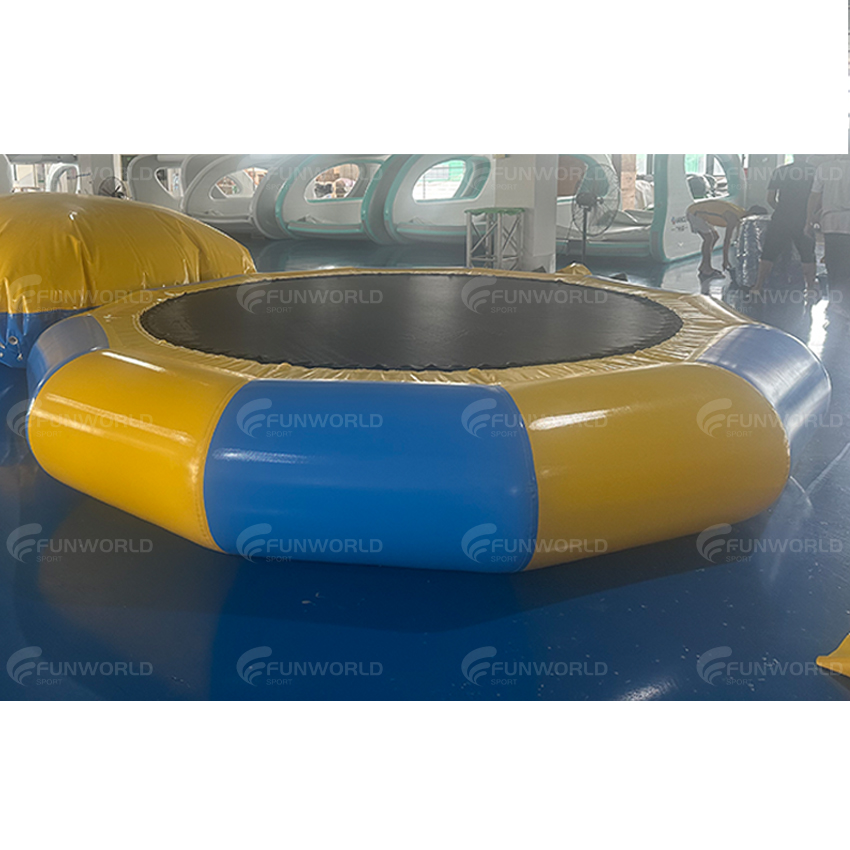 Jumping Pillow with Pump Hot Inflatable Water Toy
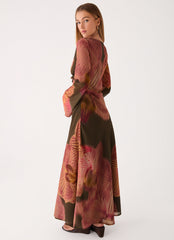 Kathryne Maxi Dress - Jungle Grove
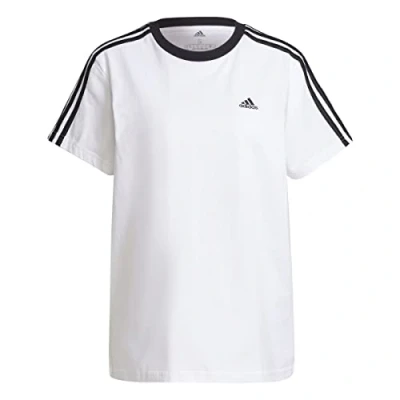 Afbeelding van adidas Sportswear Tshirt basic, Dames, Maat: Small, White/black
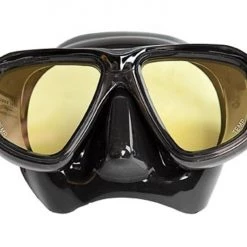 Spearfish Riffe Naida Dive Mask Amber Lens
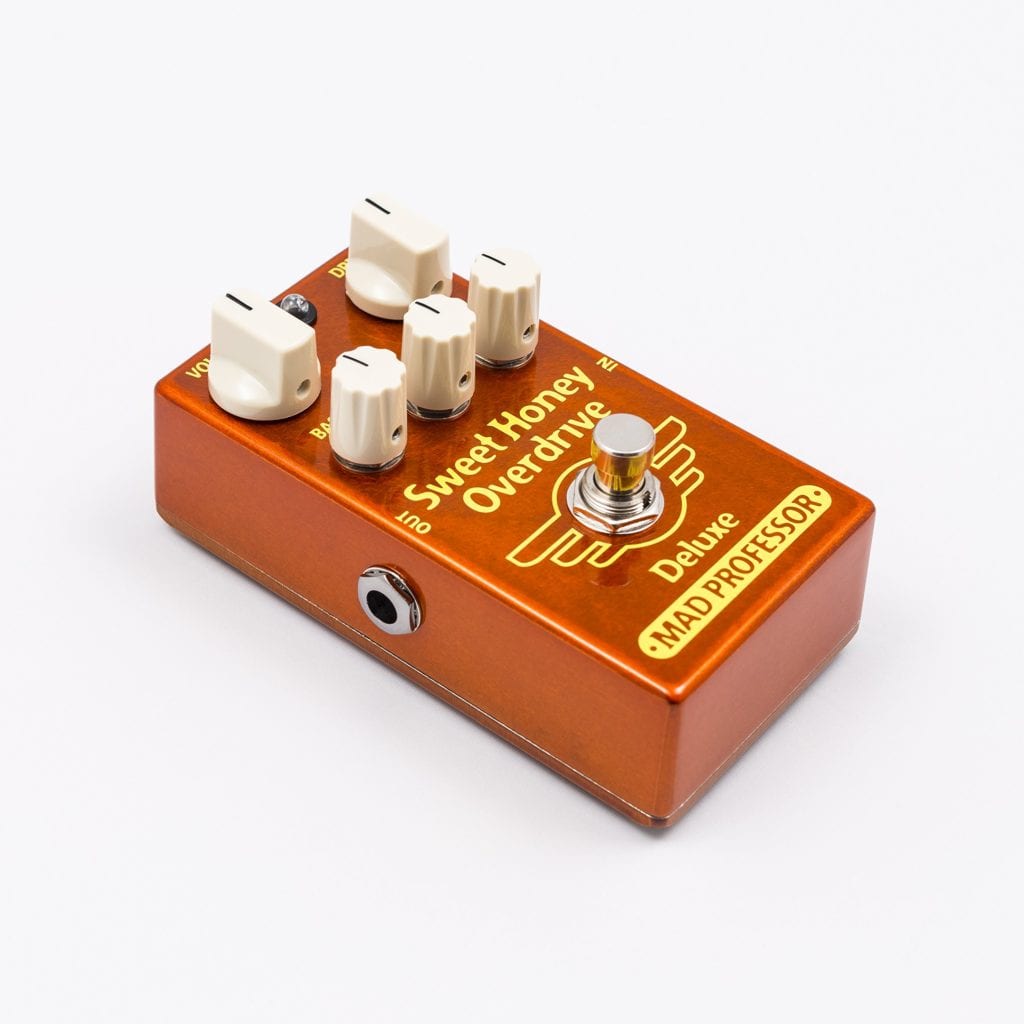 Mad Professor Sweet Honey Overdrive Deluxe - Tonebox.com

---

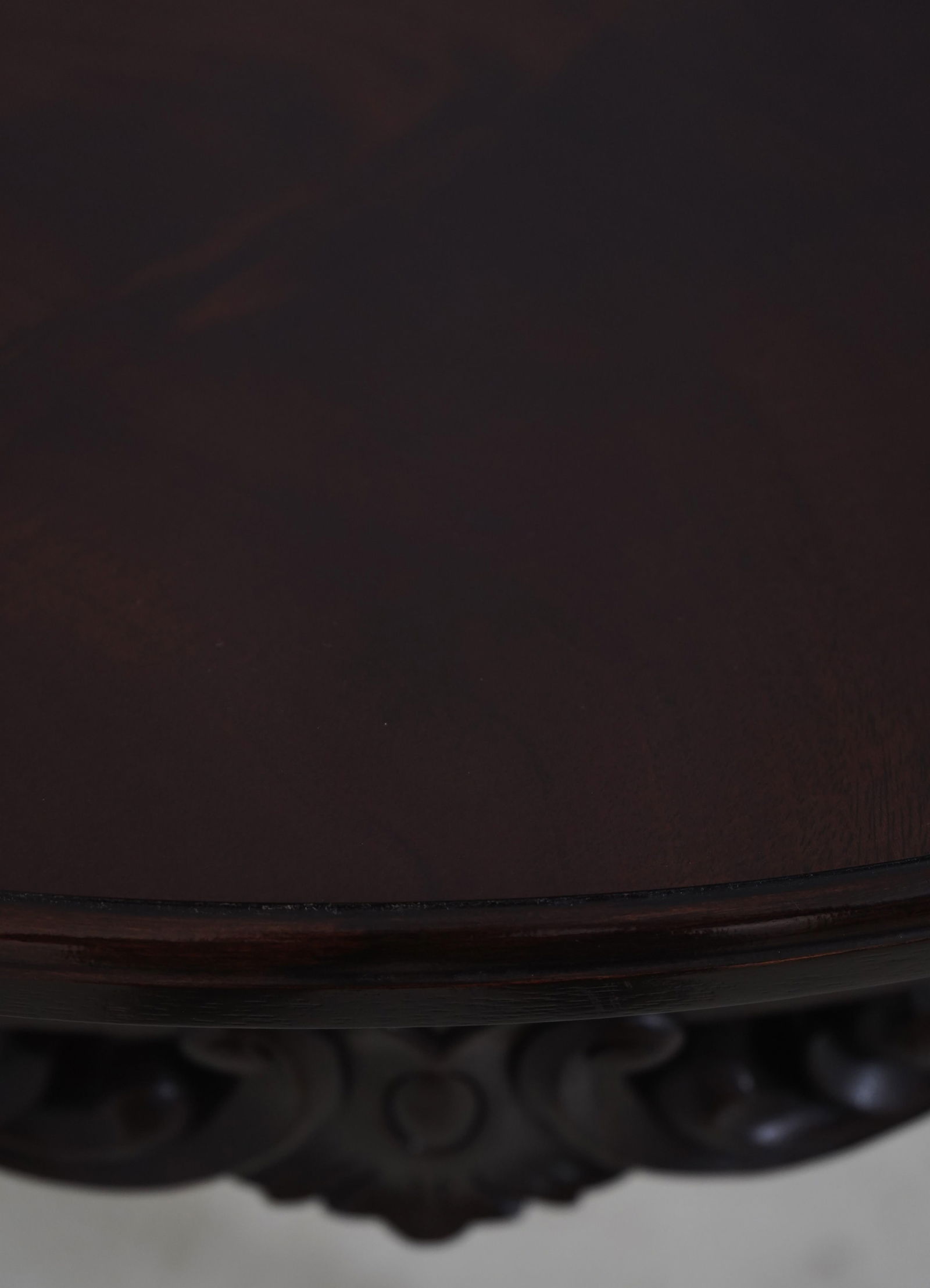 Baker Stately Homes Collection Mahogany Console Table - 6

## ACTION ITEM
Starting at the line above that holds "Spearfish Riffe Naida Dive Mask Amber Lens", return each line up to and including the one that holds "Mad Professor Sweet", exactly as written, minus any pictures.

## TASK ANSWER
 Spearfish Riffe Naida Dive Mask Amber Lens
 Mad Professor Sweet Honey Overdrive Deluxe - Tonebox.com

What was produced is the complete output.